The present invention relates to a magnetic wall hanging system. More specifically, the present invention relates to a system that can ensure nonflammability of a wall surface and can hang an article on the wall surface using magnetic attraction/repulsion.

As one system for hanging articles on a wall surface using a magnetic attraction force, Patent Document 1 discloses a configuration including a magnet attraction decorative plate and a fastener (tool) provided with a magnet sheet. . This hook is detachably hooked to the magnet-attracting decorative plate by magnetic force, and is exemplified as being applied to a hanging hook, a bookshelf, and the like.

In the fasteners used in the above systems, in order to ensure a greater load capacity, the magnetic attraction force is increased, or the surface of the magnetic body such as a magnetic sheet is coated or pasted with an adhesive material to reduce friction. Efforts have been made to strengthen For example, Patent Literature 2 discloses a fastener that combines a strong permanent magnet that magnetically attracts a soft magnetic wall surface and a non-slip elastic body.
On the other hand, Patent Document 3 discloses a display piece provided with a magnetic sheet magnetized at the same pitch as the magnetic sheet on a wall surface to which a multipolar magnetized type magnetic sheet is attached. is magnetically attracted.

Utility model registration No. 3207754 Japanese Utility Model Laid-Open No. 49-138266 Utility model registration No. 3039710

However, the technique of Patent Document 1 may fail to obtain a sufficient static friction force due to contamination of the wall surface and deterioration or contamination of the elastic body. Furthermore, Patent Document 2 requires a special permanent magnet and becomes an exaggerated fastener. In the technique of Patent Document 3, the display sheet and a light load work well, but when the load increases, the magnetic attraction force is weak and a sufficient coefficient of friction cannot be secured, so the fastener falls off. put away.
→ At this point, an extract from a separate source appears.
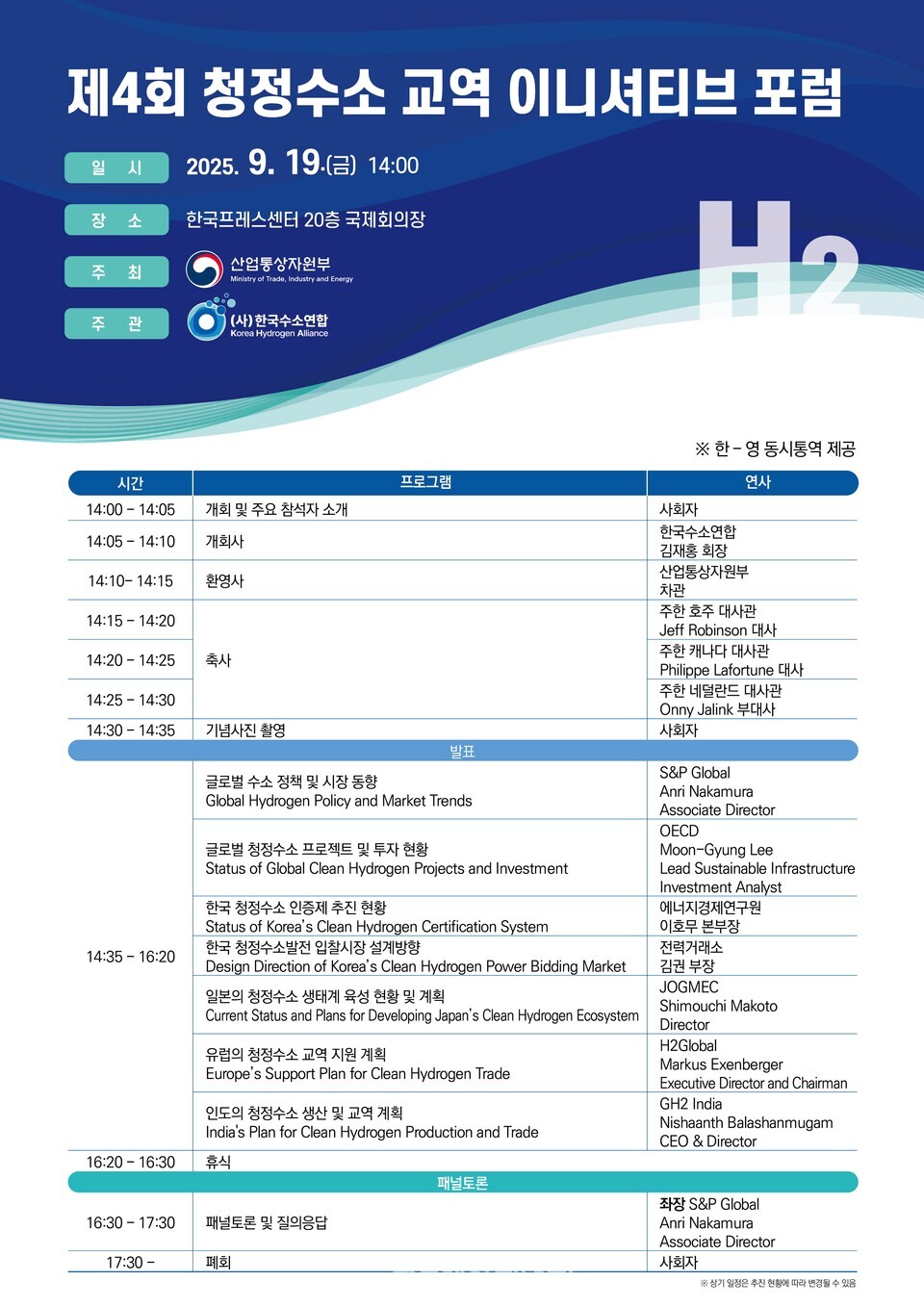 '제4회 청정수소 교역 이니셔티브' 안내 포스터./수소연합 제공 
On the other hand, when such a system is applied to an indoor wall, it is desired to have excellent fire resistance so as not to spread damage in the event of a fire.
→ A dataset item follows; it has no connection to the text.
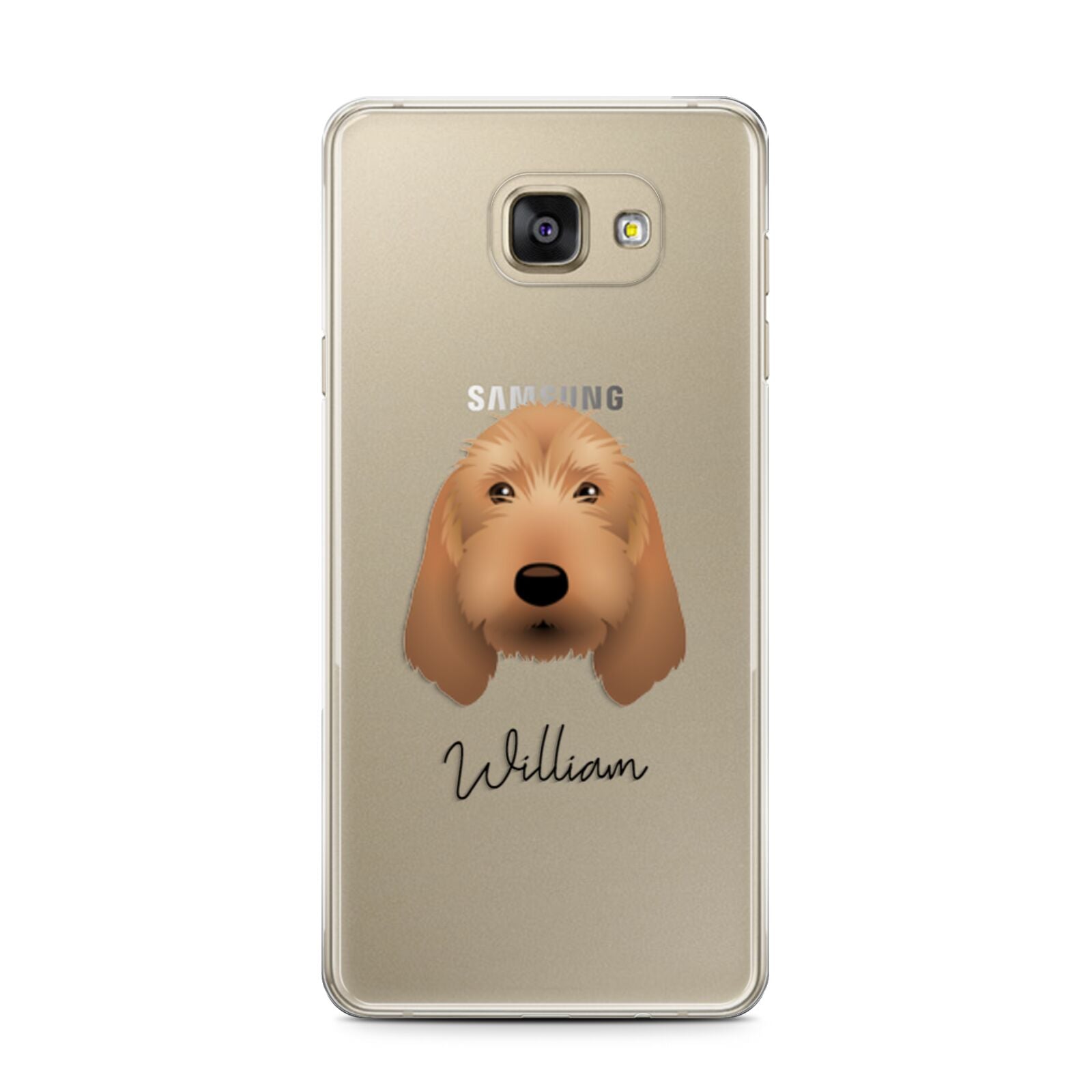 Basset Fauve De Bretagne Personalised Samsung Galaxy A7 2016 Case on gold phone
SUMMARY OF THE INVENTION It is an object of the present invention to provide a magnetic wall hanging system which has a simple structure, can withstand a relatively large load, and has excellent fire resistance.

The present invention employs the following means to solve the above problems. In addition, the symbols in parentheses attached to each configuration means in this column ("Means for Solving the Problems" column) are for reference to indicate the correspondence with specific means described in the embodiments described later. However, the configuration means of the present invention is not limited to this.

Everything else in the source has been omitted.